March 17, 2013

Suit filed against city

Attorney: City, LMU lacked authority to seek proposals for public-private partnership.

by Mitchell Kirk

LOGANSPORT — A Logansport citizen filed a lawsuit against the city last week for what she feels was an unauthorized execution of power in the way it is going about seeking the development of a new power plant.

Last November, Logansport Municipal Utilities issued a request for proposals, or RFP, from companies interested in entering into a public-private agreement to develop a plant powered by refuse derived fuel. In January, LMU endorsed a proposal submitted by Pyrolyzer, LLC, a renewable energy consulting firm based in Boca Raton, Fla. Logansport City Council has since voted to engage in negotiations with the company.

The lawsuit was filed by attorney Jim Brugh on behalf of Julie Kitchell, a Logansport citizen and LMU ratepayer who has said she disagreed with how the city is handling the power plant project at public meetings.
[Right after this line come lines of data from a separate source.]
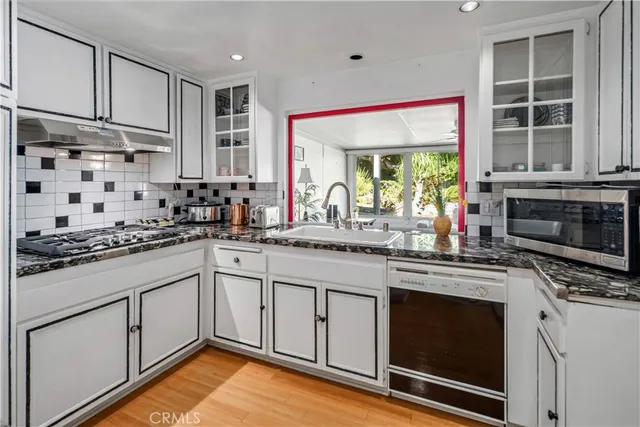 a kitchen with stainless steel appliances granite countertop a stove and a microwave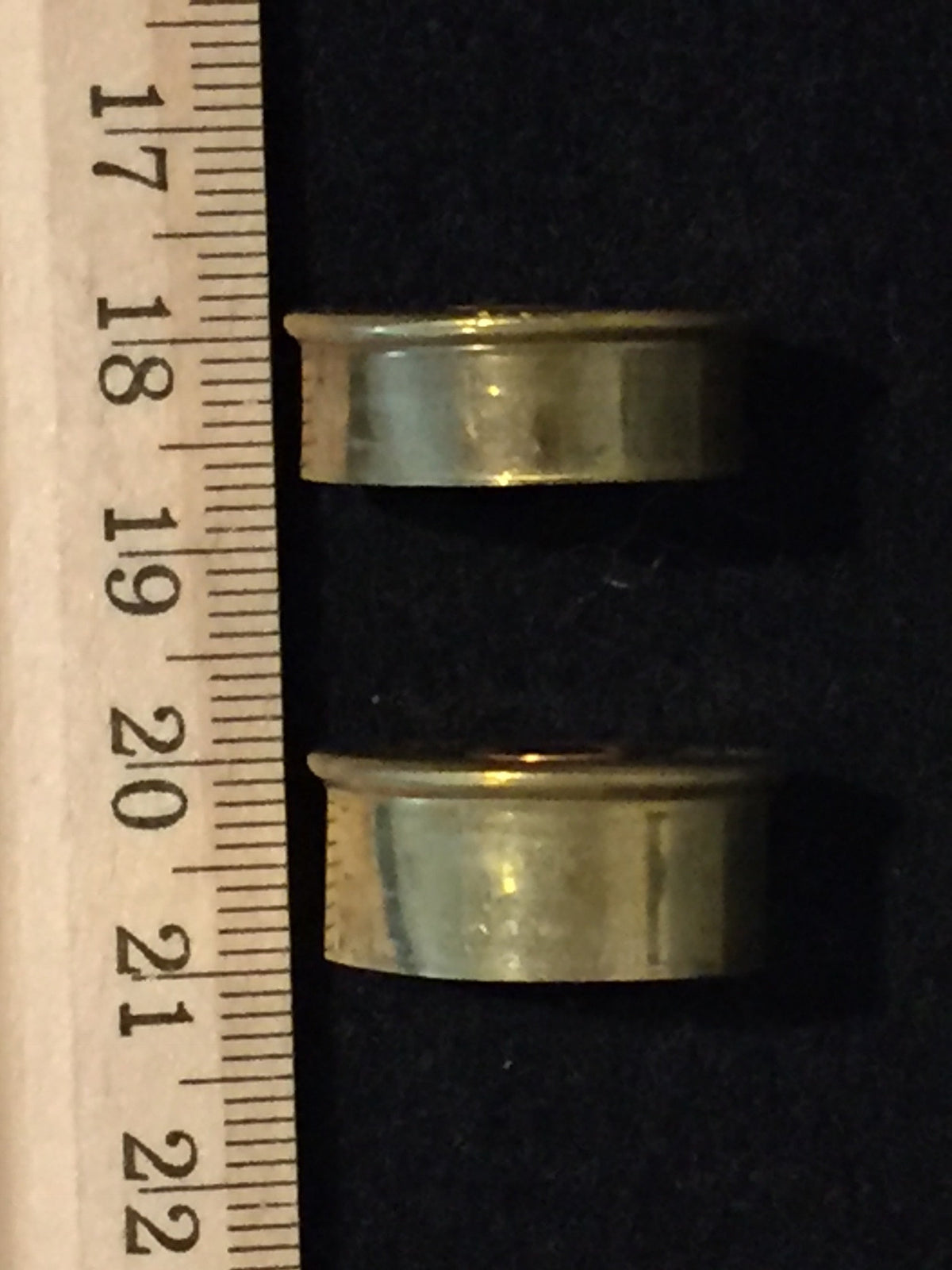 Two gold brass end caps lying flat next to a wooden ruler for size comparison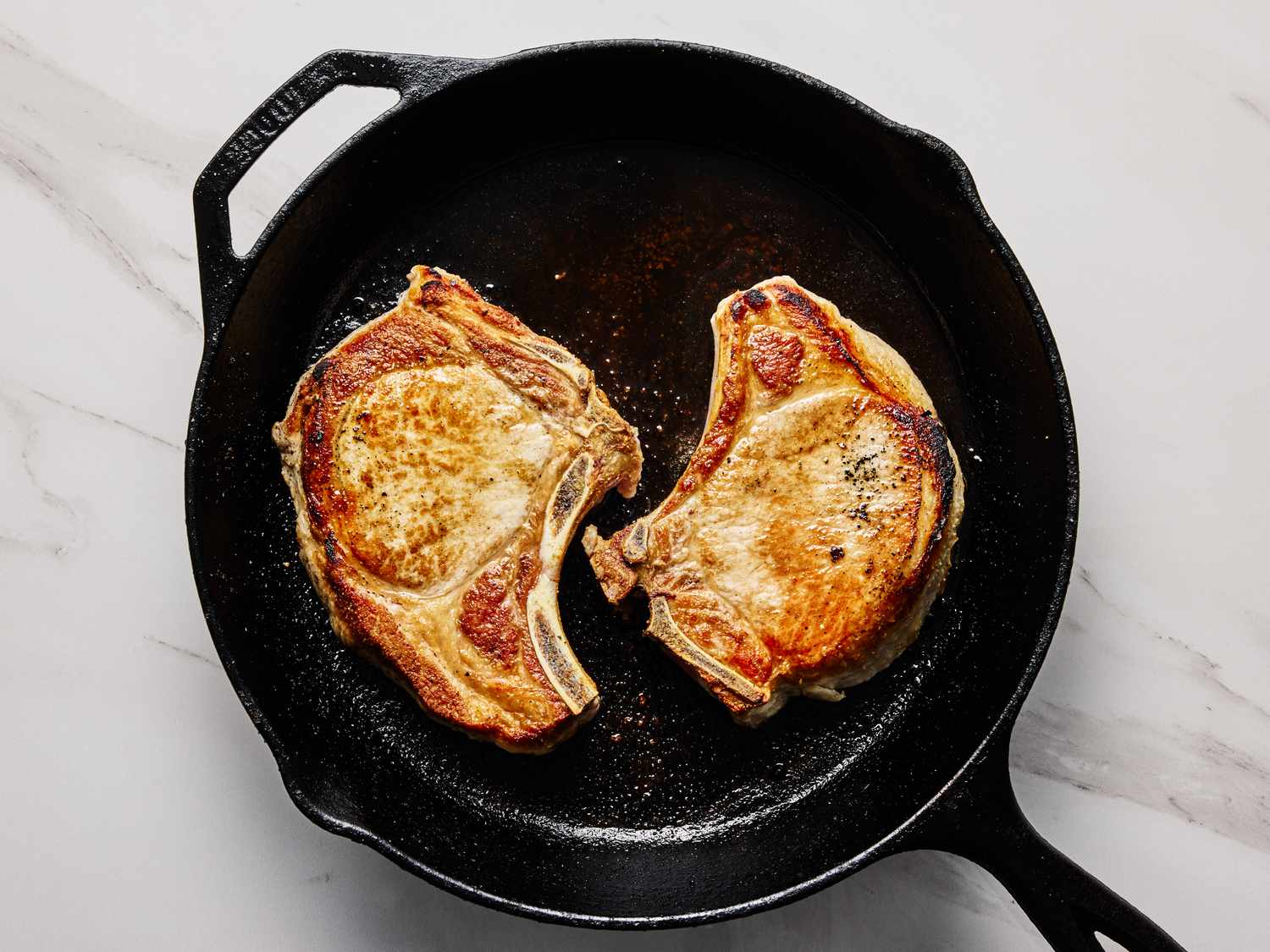 Two pork chops cooking in a cast iron skillet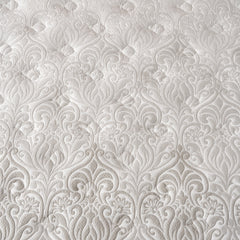 Close up view of the mattress cover with a gray and white with a fleur de lis style pattern and temperature regulating 37.5® fiber technology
The lawsuit cites a part of Indiana Code that states a city must adopt a provision pertaining to public-private agreements before entering into one. Brugh has mentioned the provision at previous city council meetings.

City council adopted the public-private agreement provision at its March 4 meeting. Brugh and Kitchell are saying it needed to be done before the RFP was submitted in November.

“When you read that law, there’s a procedure that states the city does not have the authority to engage in that public-private procedure unless they have first authorized themselves to do that,” Brugh said. “So last November, as soon as the city acted like it had the authority to issue the RFP, from the beginning, everything they’ve done has been without authority. The mayor has to follow the law.”

Kitchell agreed.

“There are rules and laws and regulations you have to follow,” Kitchell said. “They didn’t follow the law, so it should be thrown out.”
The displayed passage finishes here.